**Task prompt:** Would you please return the lines of the material that contain the word "Wildlife"?
--- Provided entries ---
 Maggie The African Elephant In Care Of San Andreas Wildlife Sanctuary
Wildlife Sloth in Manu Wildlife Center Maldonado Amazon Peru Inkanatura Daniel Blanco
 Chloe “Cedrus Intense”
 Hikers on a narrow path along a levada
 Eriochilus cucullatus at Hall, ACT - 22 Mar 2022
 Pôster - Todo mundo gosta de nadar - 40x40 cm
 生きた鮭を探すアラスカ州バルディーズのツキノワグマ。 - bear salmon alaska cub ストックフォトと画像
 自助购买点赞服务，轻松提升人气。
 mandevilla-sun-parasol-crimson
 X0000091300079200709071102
---
--- Provided entries ---
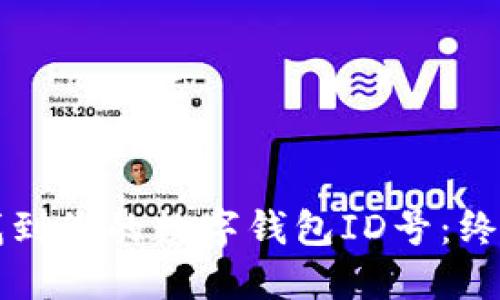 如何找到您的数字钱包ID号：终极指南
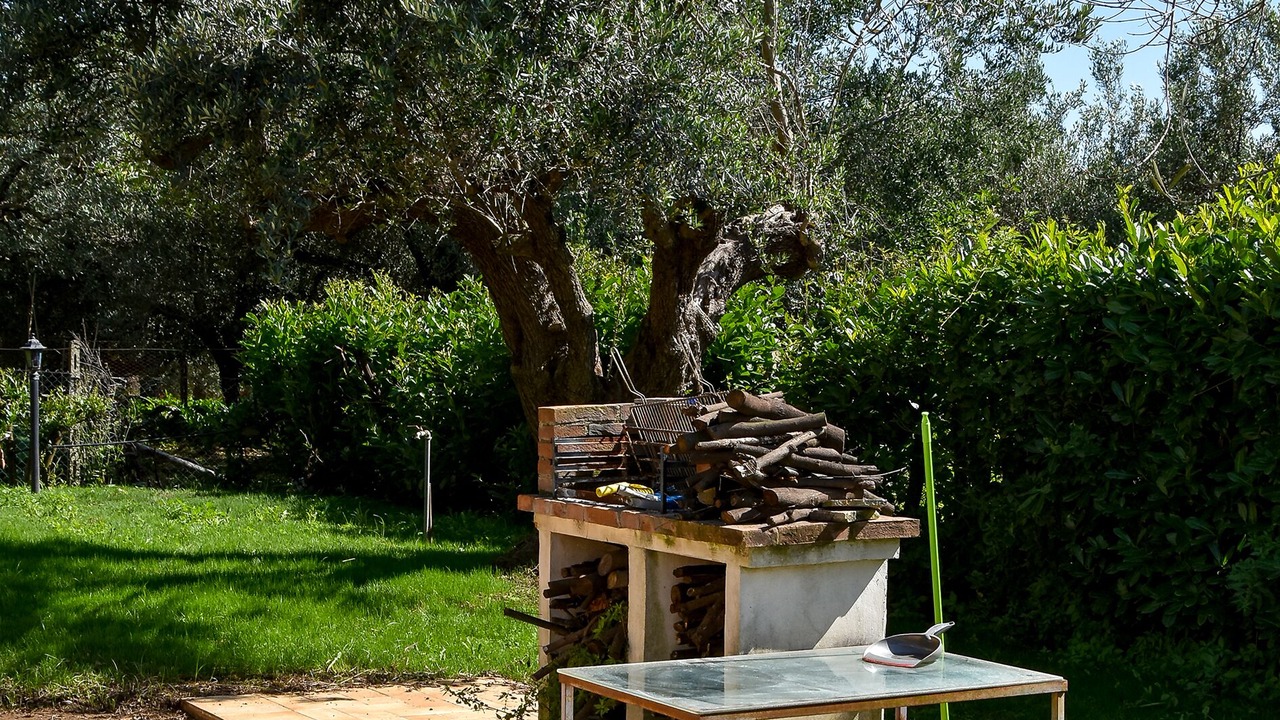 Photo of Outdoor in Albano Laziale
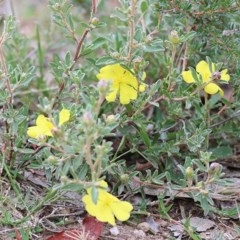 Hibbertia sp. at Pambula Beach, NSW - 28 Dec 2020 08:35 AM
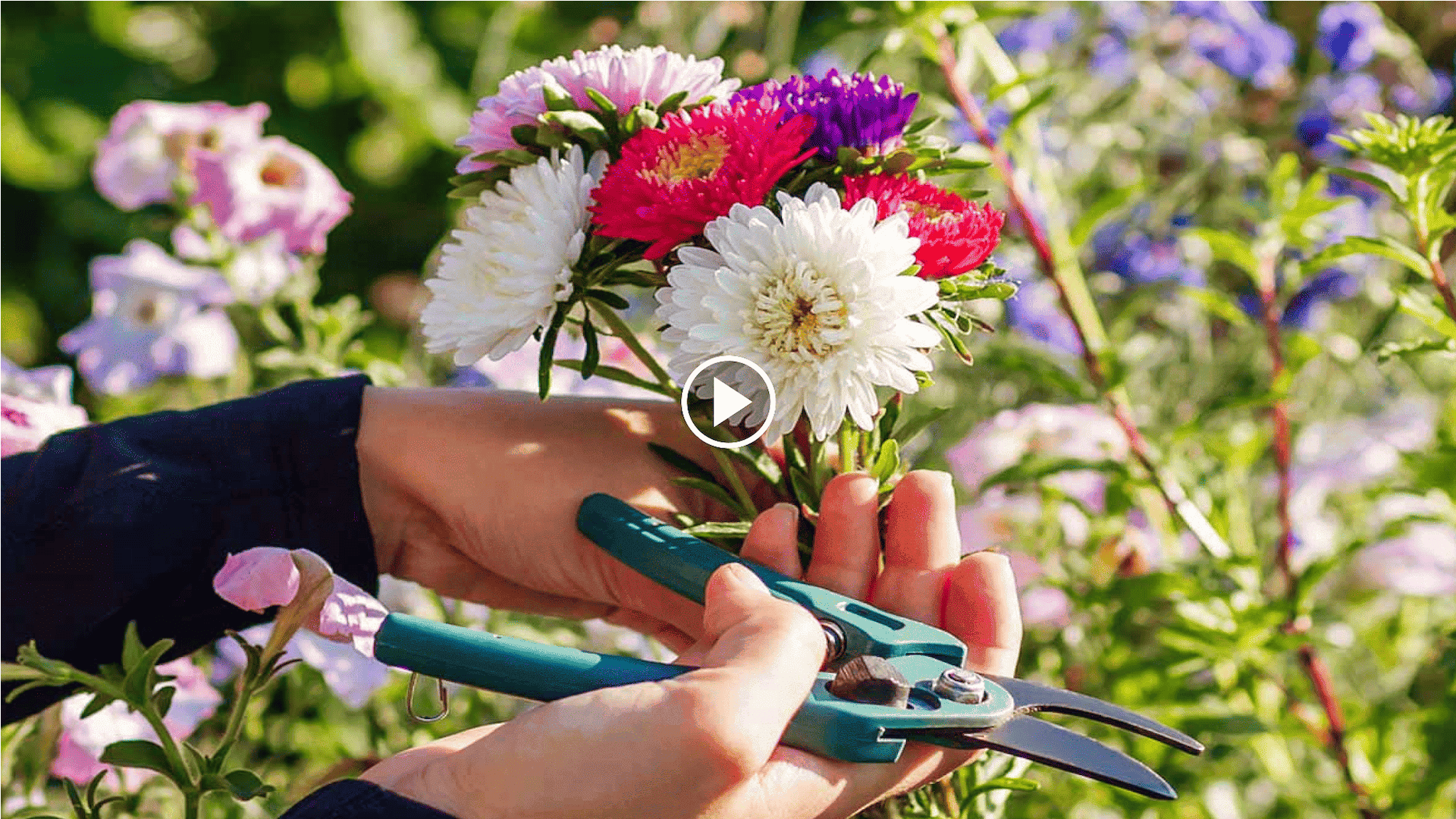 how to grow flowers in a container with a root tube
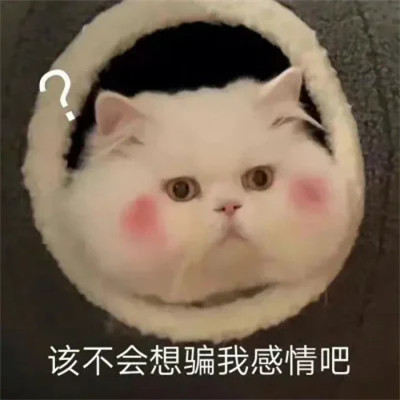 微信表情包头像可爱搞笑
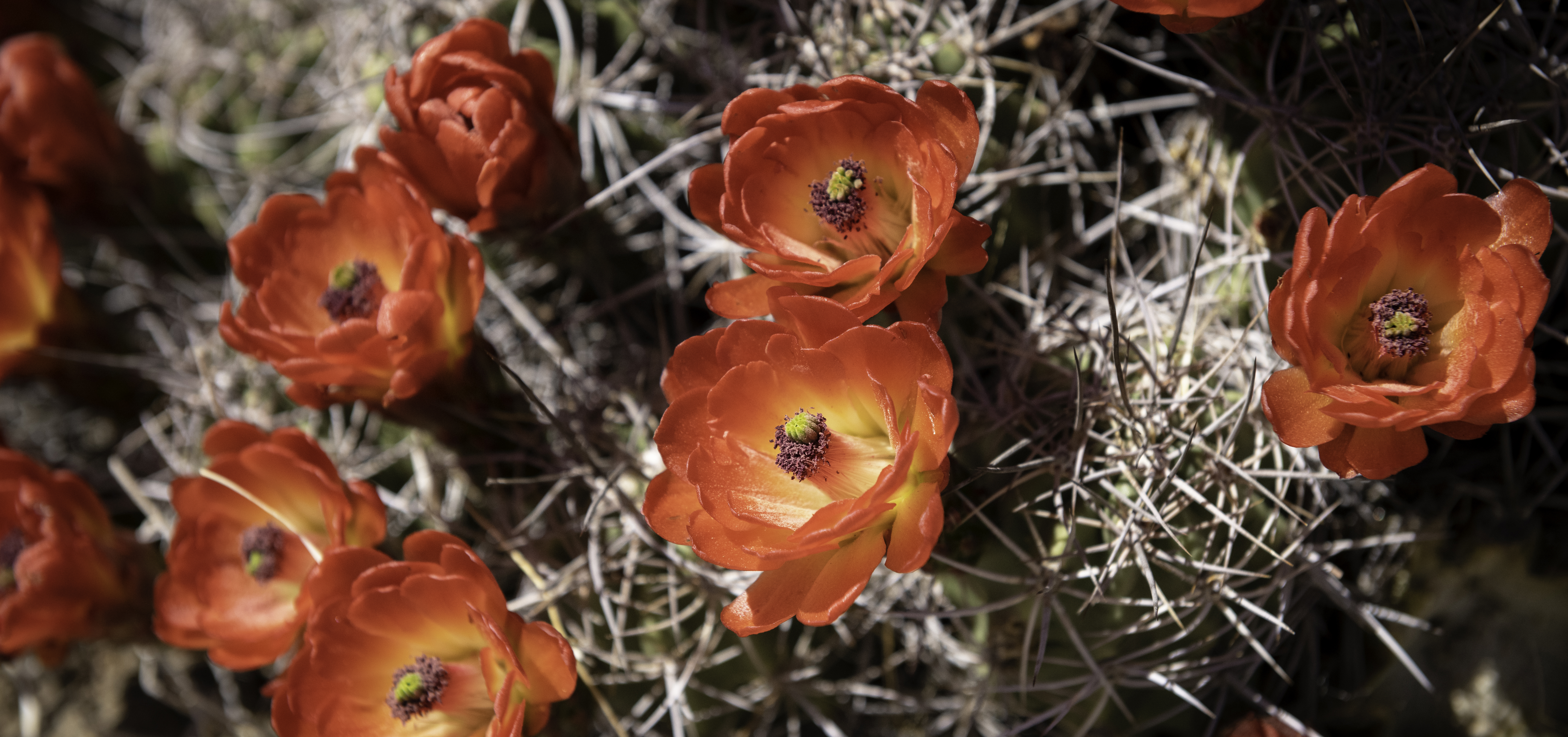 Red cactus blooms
---
--- Provided entries ---
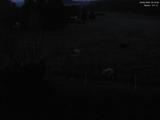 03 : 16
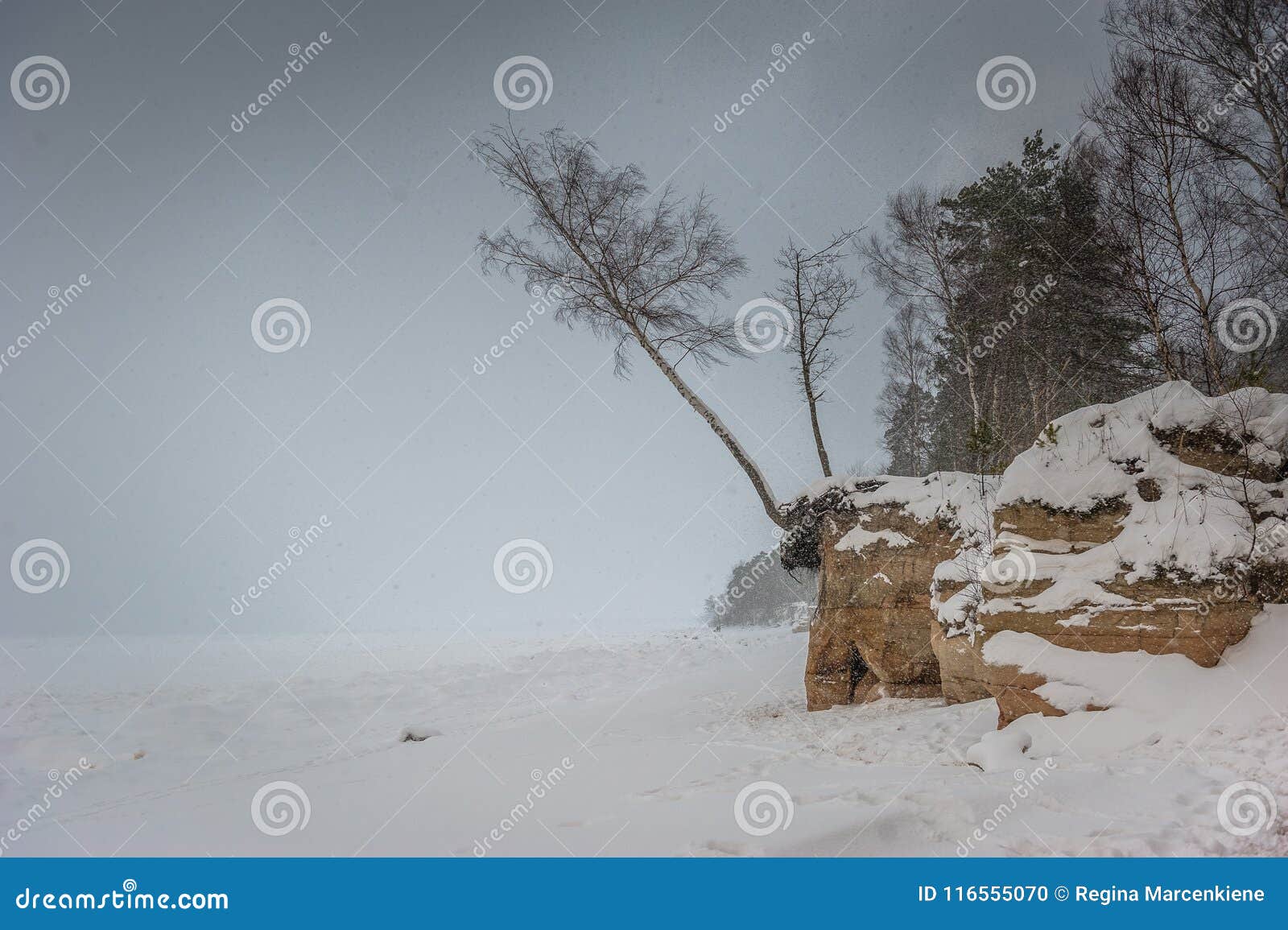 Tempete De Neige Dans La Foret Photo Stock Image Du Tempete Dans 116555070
---
**Answer for the task:**
 Maggie The African Elephant In Care Of San Andreas Wildlife Sanctuary
Wildlife Sloth in Manu Wildlife Center Maldonado Amazon Peru Inkanatura Daniel Blanco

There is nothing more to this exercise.